**Directions for this task**
Copy the listing exactly as given. Omit every picture.

━━━━━━━━

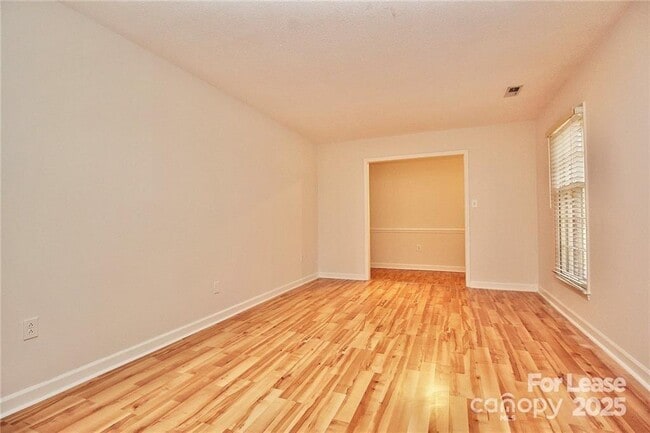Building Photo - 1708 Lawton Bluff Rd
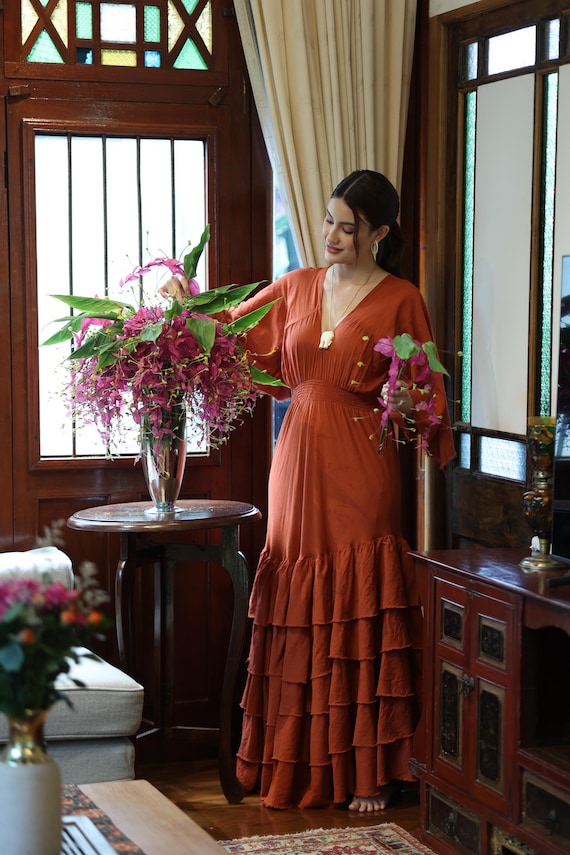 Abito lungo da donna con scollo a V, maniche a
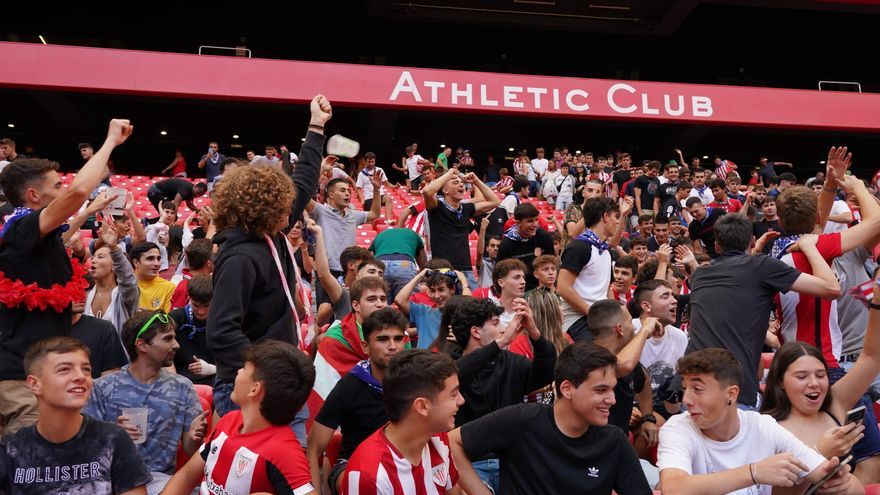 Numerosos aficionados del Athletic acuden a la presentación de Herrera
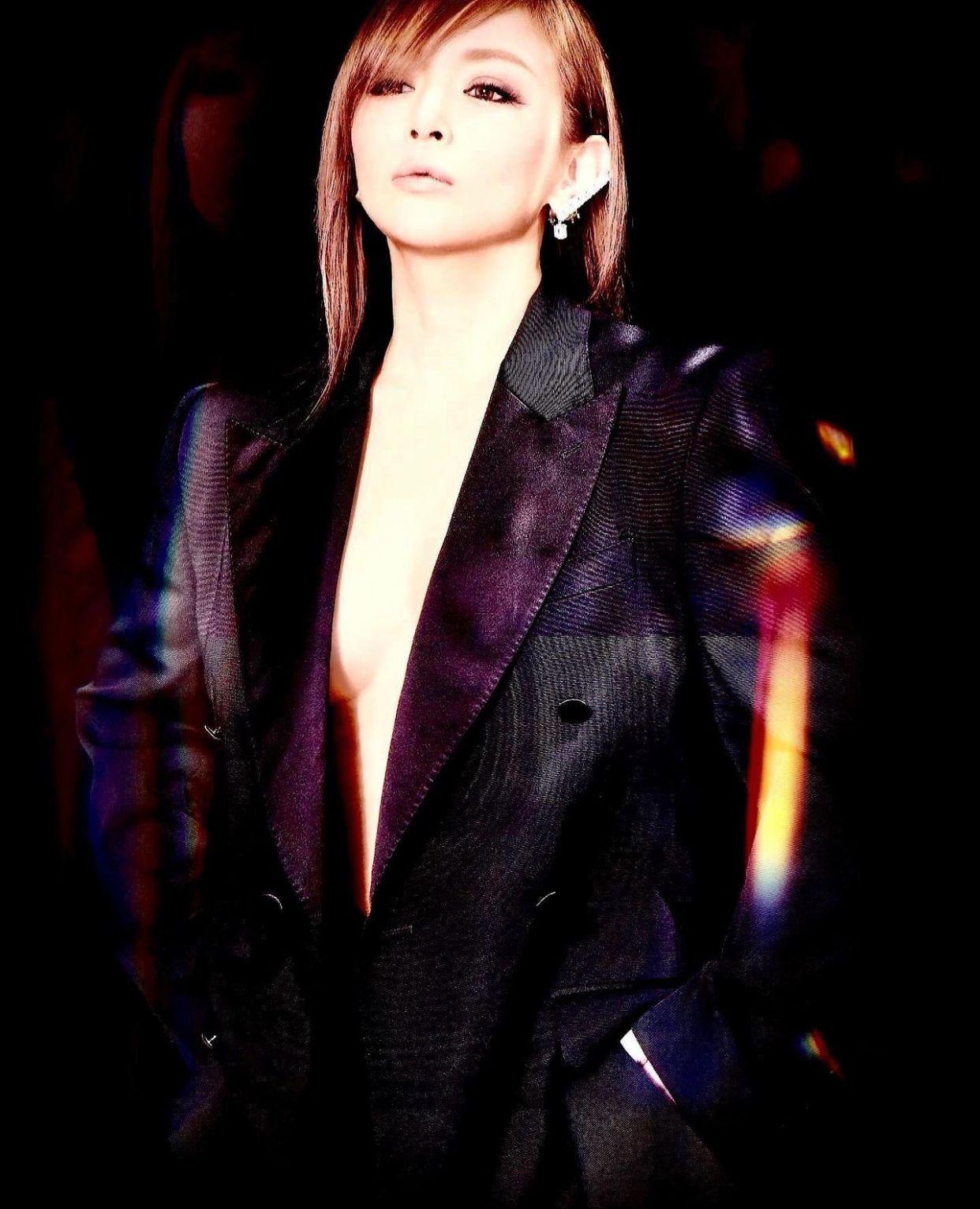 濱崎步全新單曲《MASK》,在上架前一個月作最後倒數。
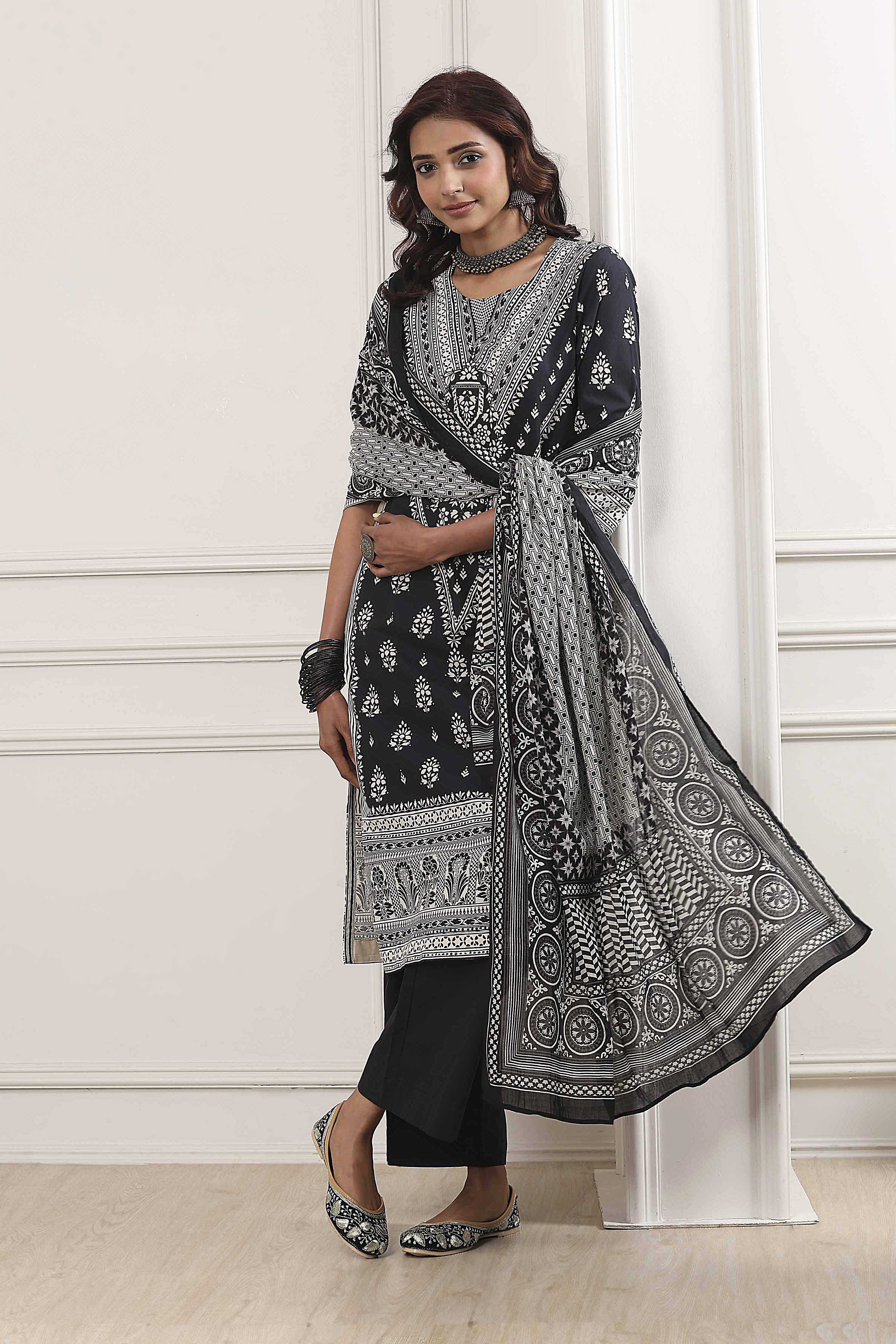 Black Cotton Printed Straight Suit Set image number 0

━━━━━━━━

**Problem solution**
Building Photo - 1708 Lawton Bluff Rd
 Abito lungo da donna con scollo a V, maniche a
 Numerosos aficionados del Athletic acuden a la presentación de Herrera
 濱崎步全新單曲《MASK》,在上架前一個月作最後倒數。
 Black Cotton Printed Straight Suit Set image number 0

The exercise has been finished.